Directions:
From the material below, set down exactly the lines that run from the one containing "3460 Rue Simpson, #301 Property Photo 1" to the one containing "DELL Smart-UPS 2200VA LCD 230V", minus the pictures.

Data shown:
______________________________

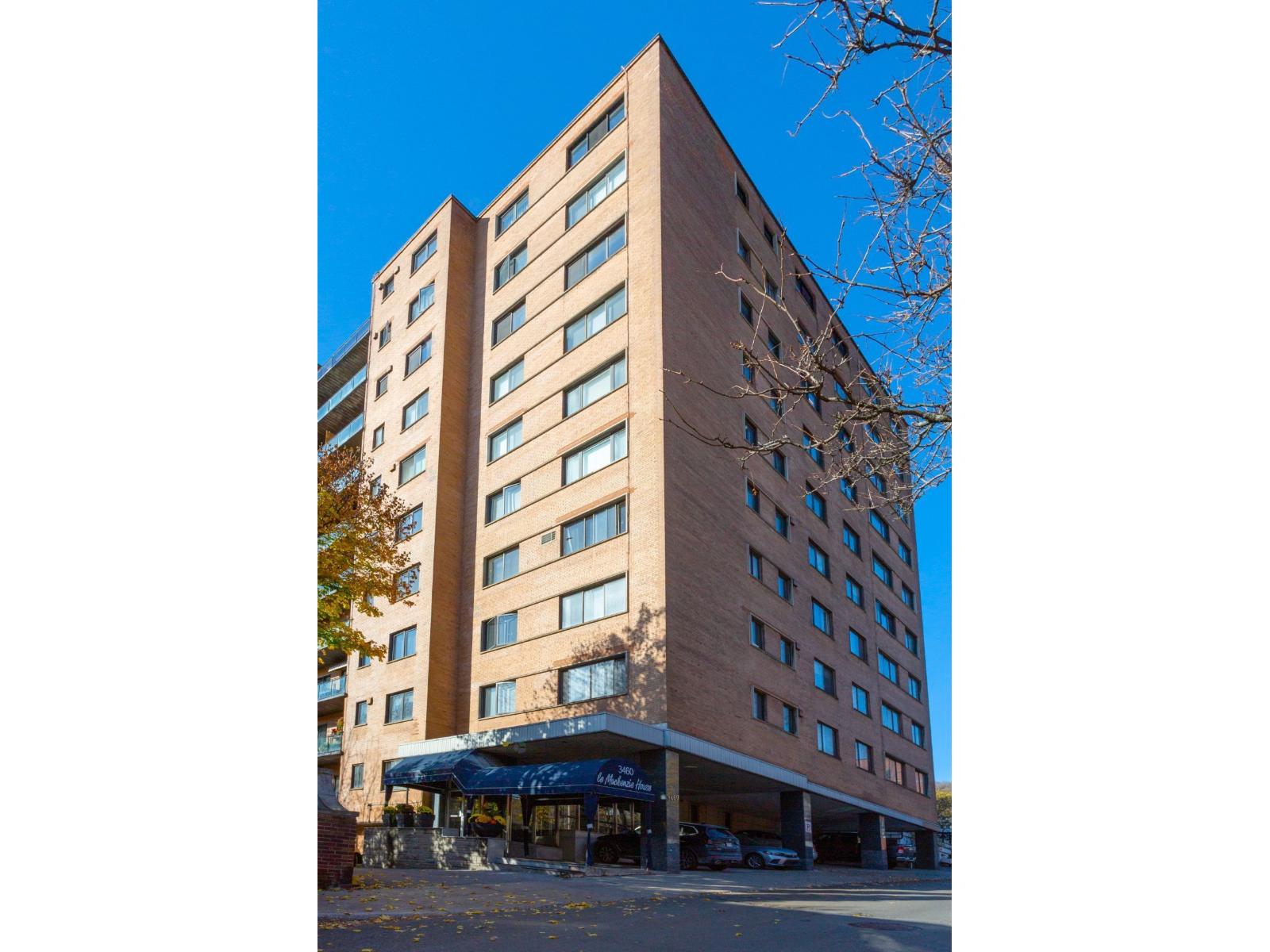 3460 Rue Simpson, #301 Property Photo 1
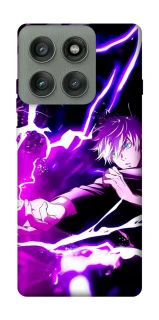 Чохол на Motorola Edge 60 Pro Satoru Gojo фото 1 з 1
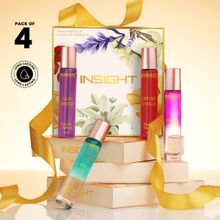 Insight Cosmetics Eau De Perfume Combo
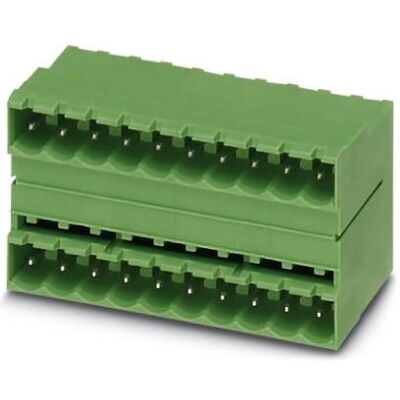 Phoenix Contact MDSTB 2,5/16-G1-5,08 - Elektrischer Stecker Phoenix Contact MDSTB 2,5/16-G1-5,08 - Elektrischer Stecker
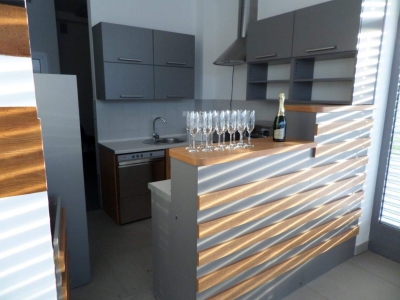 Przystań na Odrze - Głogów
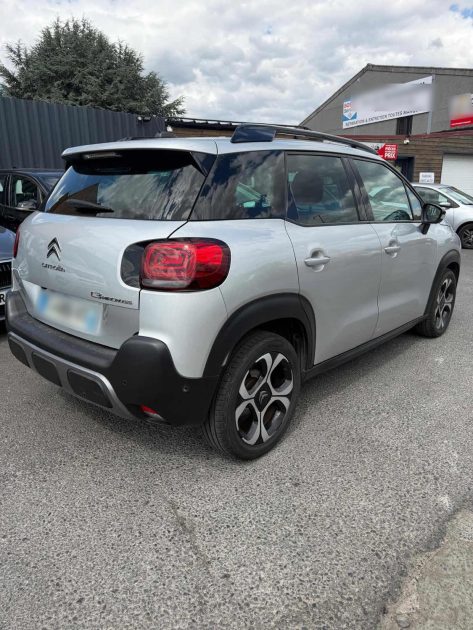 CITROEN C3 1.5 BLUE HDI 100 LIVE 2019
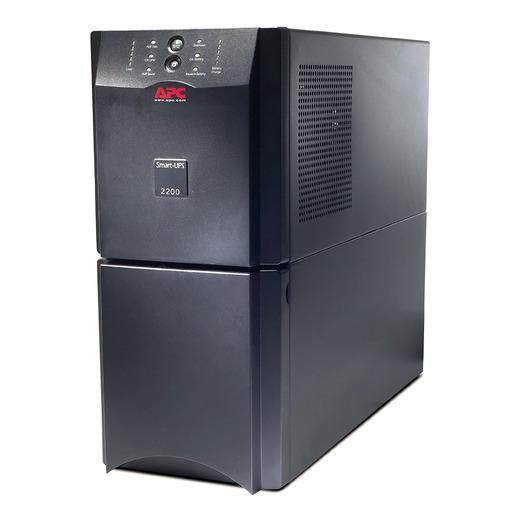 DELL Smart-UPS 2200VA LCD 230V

______________________________

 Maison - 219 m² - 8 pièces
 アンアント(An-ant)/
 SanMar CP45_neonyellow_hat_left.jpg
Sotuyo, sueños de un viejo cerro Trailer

______________________________

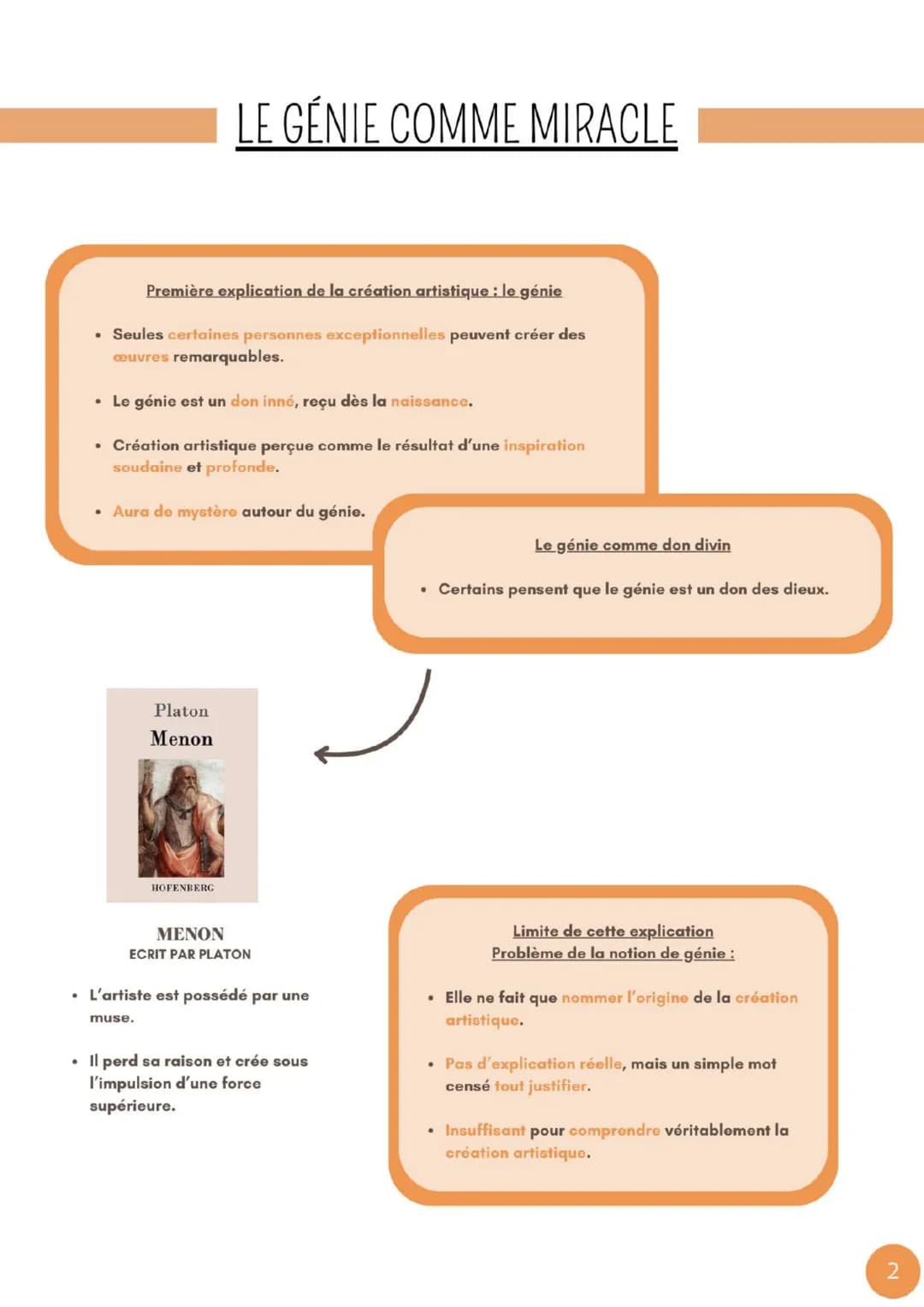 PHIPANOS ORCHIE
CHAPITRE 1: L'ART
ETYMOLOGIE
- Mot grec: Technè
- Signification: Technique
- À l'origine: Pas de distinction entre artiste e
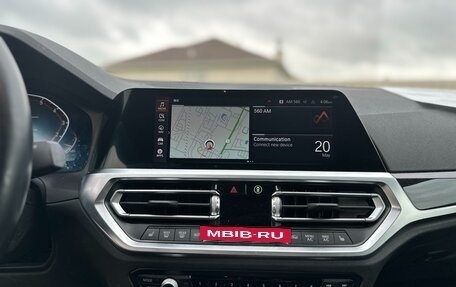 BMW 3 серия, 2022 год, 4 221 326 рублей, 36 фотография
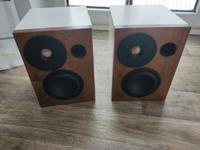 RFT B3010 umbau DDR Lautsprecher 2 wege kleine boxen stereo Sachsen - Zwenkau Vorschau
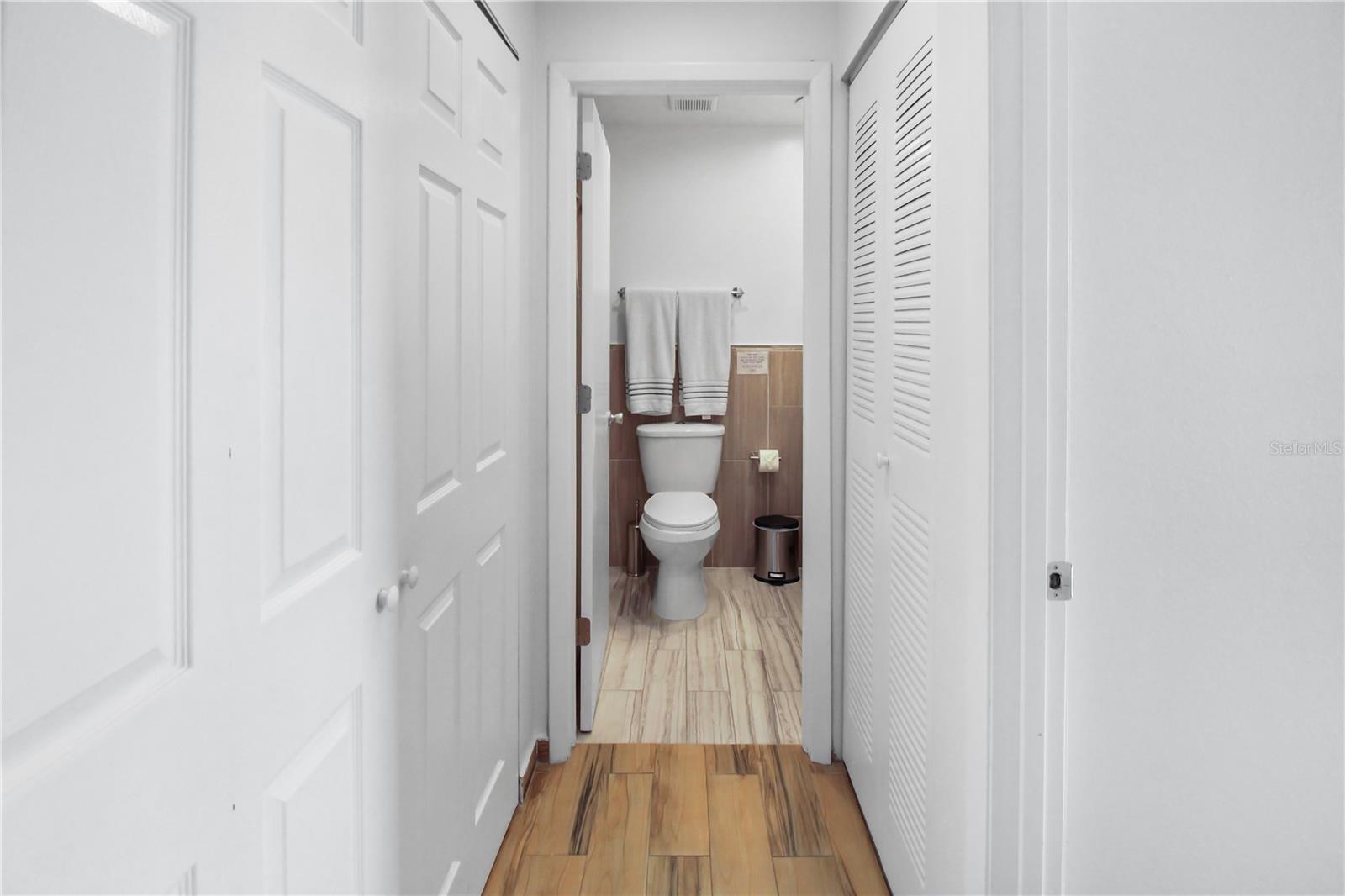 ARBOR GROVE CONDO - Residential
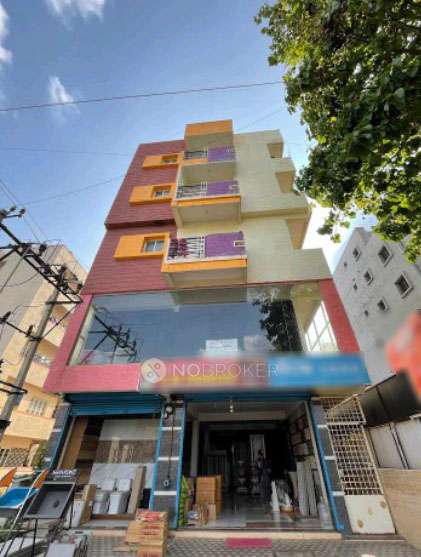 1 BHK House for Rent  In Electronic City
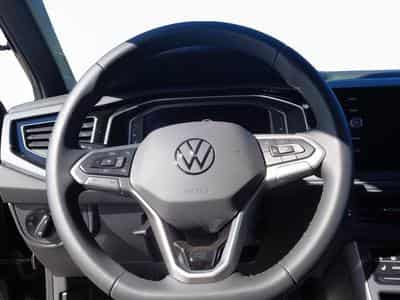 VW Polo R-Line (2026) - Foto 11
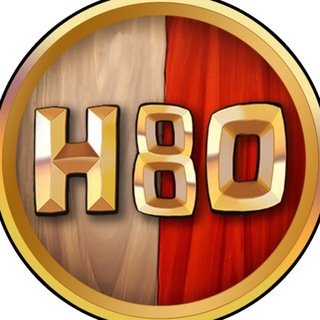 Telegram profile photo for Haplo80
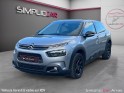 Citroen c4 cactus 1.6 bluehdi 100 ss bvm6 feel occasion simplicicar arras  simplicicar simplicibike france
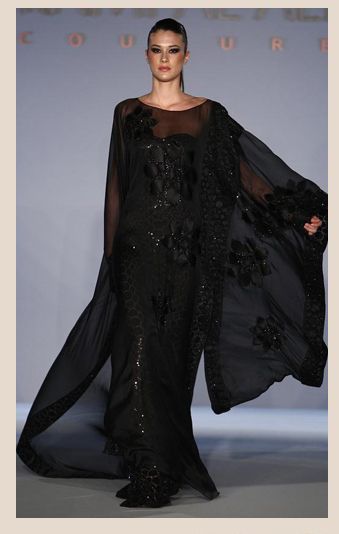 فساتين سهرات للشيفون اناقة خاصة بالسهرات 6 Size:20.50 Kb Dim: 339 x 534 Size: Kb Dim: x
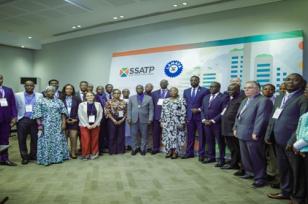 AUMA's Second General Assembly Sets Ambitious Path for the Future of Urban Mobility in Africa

______________________________

Task solution:
 3460 Rue Simpson, #301 Property Photo 1
 Чохол на Motorola Edge 60 Pro Satoru Gojo фото 1 з 1
 Insight Cosmetics Eau De Perfume Combo
 Phoenix Contact MDSTB 2,5/16-G1-5,08 - Elektrischer Stecker Phoenix Contact MDSTB 2,5/16-G1-5,08 - Elektrischer Stecker
 Przystań na Odrze - Głogów
 CITROEN C3 1.5 BLUE HDI 100 LIVE 2019
 DELL Smart-UPS 2200VA LCD 230V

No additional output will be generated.